In the instant case, pretermitting whether the circumstances surrounding the showup rendered it impermissibly suggestive, the trial court did not err in concluding that, given the totality of the circumstances, there was no substantial likelihood of misidentification.[8] Small identified Law within 30 minutes of the offense. Small "got a good look" at all of the assailants, and he "was a [100] percent sure" and "knew for a fact that" Law was the man who demanded money and punched him in the face, noting that "it was fresh in [his] head."

"Given the totality of these circumstances, the trial court was authorized to find that no substantial likelihood of irreparable misidentification existed. Accordingly, it properly denied [Law's] motion to suppress."[9]

2. Law also argues that the trial court erred by failing to suppress his statements to the police because he invoked his right to remain silent. We find no basis for reversal.

The police transported Law to the police station, where Detective Sean Aaron Carr read him his Miranda[10] rights. Carr asked him if, "having these rights in mind," Law was willing to speak to police, and Law answered, "yes." Detective Carr then completed the waiver of rights form, which lists a suspect's Miranda rights, followed by two questions: (1) "Do you understand each of these rights I have explained to you?"; and (2) "Having these rights in mind, are you willing to talk to us now?" After each question, there were two boxes, one labeled "yes," and the other labeled, "no," followed by a space labeled, "[i]nitials." Carr placed a check mark next to "yes" for both questions and then asked Law to place his initials next to those responses. Law placed his initials in the initials space after the question asking if he understood his Miranda rights, but following the question asking if he was willing to speak to police, Law placed his initials in the space labeled "no" instead of the initials space. Carr asked if Law meant that he was not willing to speak to the police, and Law "went back and said yes, he was willing to speak to [the detective,] and he initialed next to yes." Although most of Law's substantive statement to Carr was recorded, the conversation between the two men regarding the waiver was not recorded. According to Carr, although he thought he turned on the recording device when he began advising Law of his Miranda rights, he later realized that the device was not recording and turned it on during his questioning of Law.

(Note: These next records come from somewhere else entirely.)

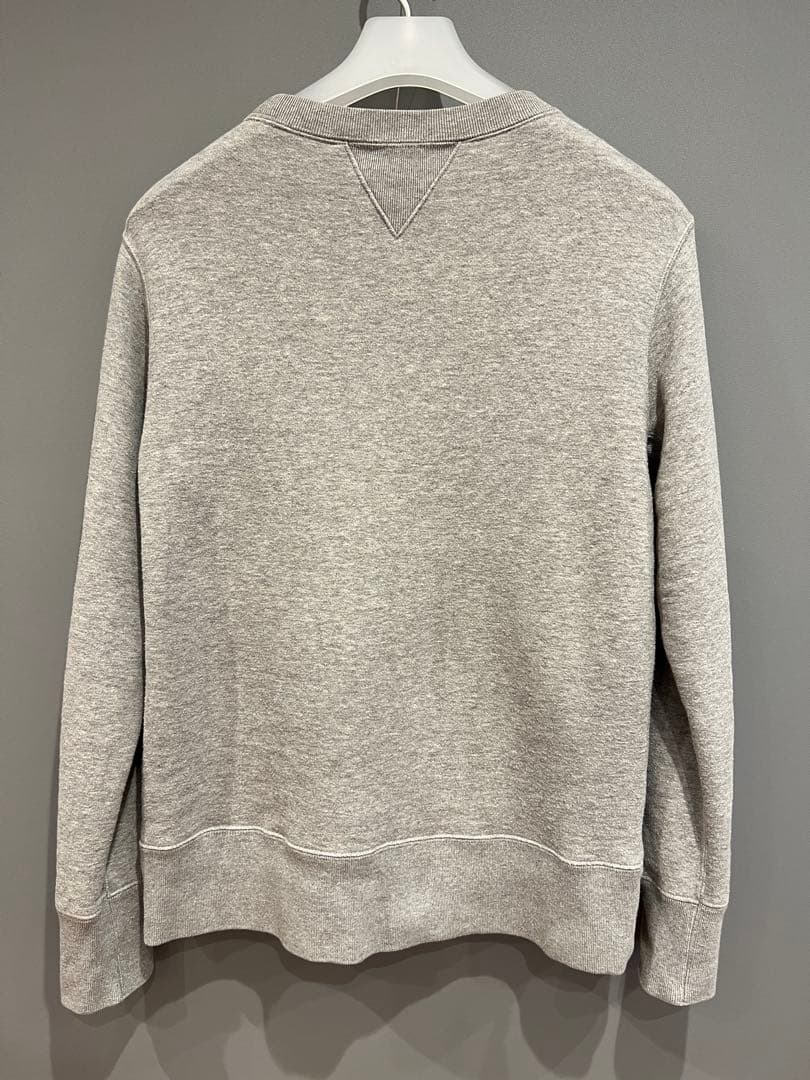 ビームスプラス別注 LOOPWHEELER ループウィラー スウェット L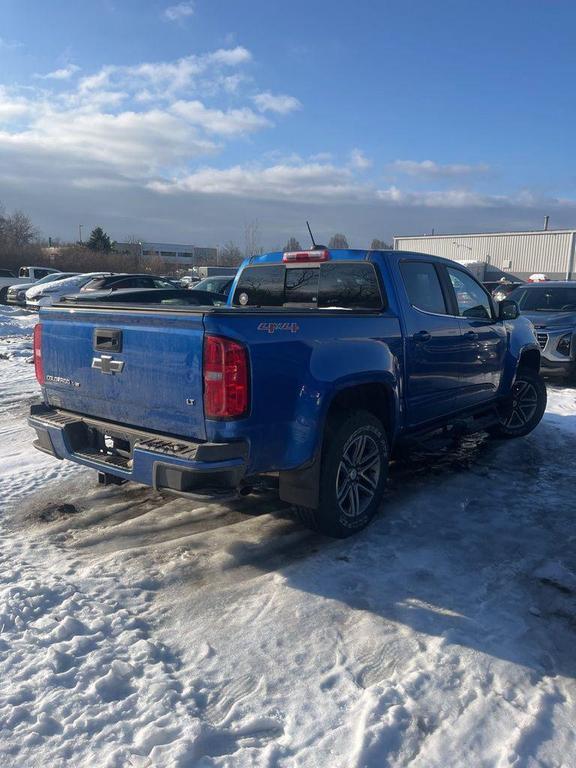used 2019 Chevrolet Colorado car, priced at $23,162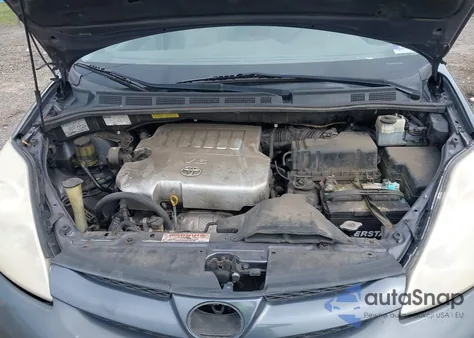 2010 Toyota Sienna Le from USA, damaged, VIN 5TDKK4CC9AS305091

Law argues that his statement should have been suppressed because based on the waiver form, "it appears [Law] invoked his right, and the [d]etective then initiated conversation with [Law] again." Law contends that because the Miranda warning was not recorded, "it is impossible to know what transpired *608 with the Miranda waiver." We find no basis for reversal.

"Of course, an accused may end a custodial interrogation at any time by invoking his constitutional right to remain silent. To do so, a defendant must unambiguously and unequivocally express his desire to invoke that right. And any invocation of the right must be scrupulously honored."[11]

There is good reason to require an accused who wants to invoke his or her right to remain silent to do so unambiguously. A requirement of an unambiguous invocation of Miranda rights results in an objective inquiry that avoids difficulties of proof and provides guidance to officers on how to proceed in the face of ambiguity. If an ambiguous act, omission, or statement could require police to end the interrogation, police would be required to make difficult decisions about an accused's unclear intent and face the consequence of suppression if they guess wrong. Suppression of a voluntary confession in these circumstances would place a significant burden on society's interest in prosecuting criminal activity. Treating an ambiguous or equivocal act, omission, or statement as an invocation of Miranda rights might add marginally to Miranda's goal of dispelling the compulsion inherent in custodial interrogation. But as Miranda holds, full comprehension of the rights to remain silent and request an attorney are sufficient to dispel whatever coercion is inherent in the interrogation process.[12]

Law did not testify at the suppression hearing, and thus, the only testimony in the record on this issue is that of Detective Carr. Based on Carr's testimony and our review of the record, we conclude that Law's invocation of his right to remain silent, if any, was equivocal because it conflicted with his immediately preceding verbal indication that he was willing to speak with Carr. Thus, Carr had no obligation to stop questioning him, and the officer's attempt to clarify whether Law wished to speak with him was not improper.[13] "Under the totality of the circumstances test, the trial court did not err in finding [Law's] statements admissible."[14]

3. Finally, Law challenges the sufficiency of the evidence. This enumeration is without merit.

"[T]he testimony of a single witness is generally sufficient to establish a fact."[15] "Moreover, we do not determine the credibility of eyewitness identification testimony. Rather the determination of a witness' credibility, including the accuracy of eyewitness identification, is within the exclusive province of the jury."[16] Thus, even though Law was found near a Lexus similar to that involved in the robbery, with a shotgun similar to that used in the attack, and Law admitted being present at the scene of the robbery, Small's testimony alone is sufficient to authorize the jury's verdict of guilty beyond a reasonable doubt.[17]

Judgment affirmed.

ELLINGTON, C.J., and ANDREWS, J., concur.

NOTES

[1] OCGA § 16-8-41(a).

[2] OCGA § 16-11-106(b)(1).

[3] (Citation and punctuation omitted.) Frazier v. State, 305 Ga.App. 274, 274-275, 699 S.E.2d 747 (2010).

[4] Law was acquitted of the armed robbery charge against Horton.

[5] 285 Ga. 246, 674 S.E.2d 871 (2009).

[6] (Punctuation and footnote omitted.) Id. at 248-249(3), 674 S.E.2d 871.

[7] (Citations omitted.) Frazier, 305 Ga.App. at 278(3), 699 S.E.2d 747.

[8] See id. at 278-279(3), 699 S.E.2d 747.

[9] Freeman v. State, 306 Ga.App. 783, 785(2), 703 S.E.2d 368 (2010). See also Frazier, 305 Ga.App. at 279(3), 699 S.E.2d 747; Crawford v. State, 297 Ga.App. 187, 191(2), 676 S.E.2d 843 (2009).

[10] Miranda v. Arizona, 384 U.S. 436, 86 S.Ct. 1602, 16 L.Ed.2d 694 (1966).

[11] (Punctuation omitted.) Barnes v. State, 287 Ga. 423, 425(2), 696 S.E.2d 629 (2010).

[12] (Citations and punctuations omitted.) Berghuis v. Thompkins, ___ U.S. ___ (III)(A), 130 S.Ct. 2250, 176 L.Ed.2d 1098 (2010).

[13] See Perez v. State, 283 Ga. 196, 200, 657 S.E.2d 846 (2008); Turner v. State, 287 Ga. 793, 795(3), 700 S.E.2d 386 (2010).

[14] Turner, 287 Ga. at 795(3), 700 S.E.2d 386.

[15] OCGA § 24-4-8.

[16] (Punctuation omitted.) Freeman, 306 Ga.App. at 784(1), 703 S.E.2d 368.

[17] See id.; Frazier, 305 Ga.App. at 275(1), 699 S.E.2d 747.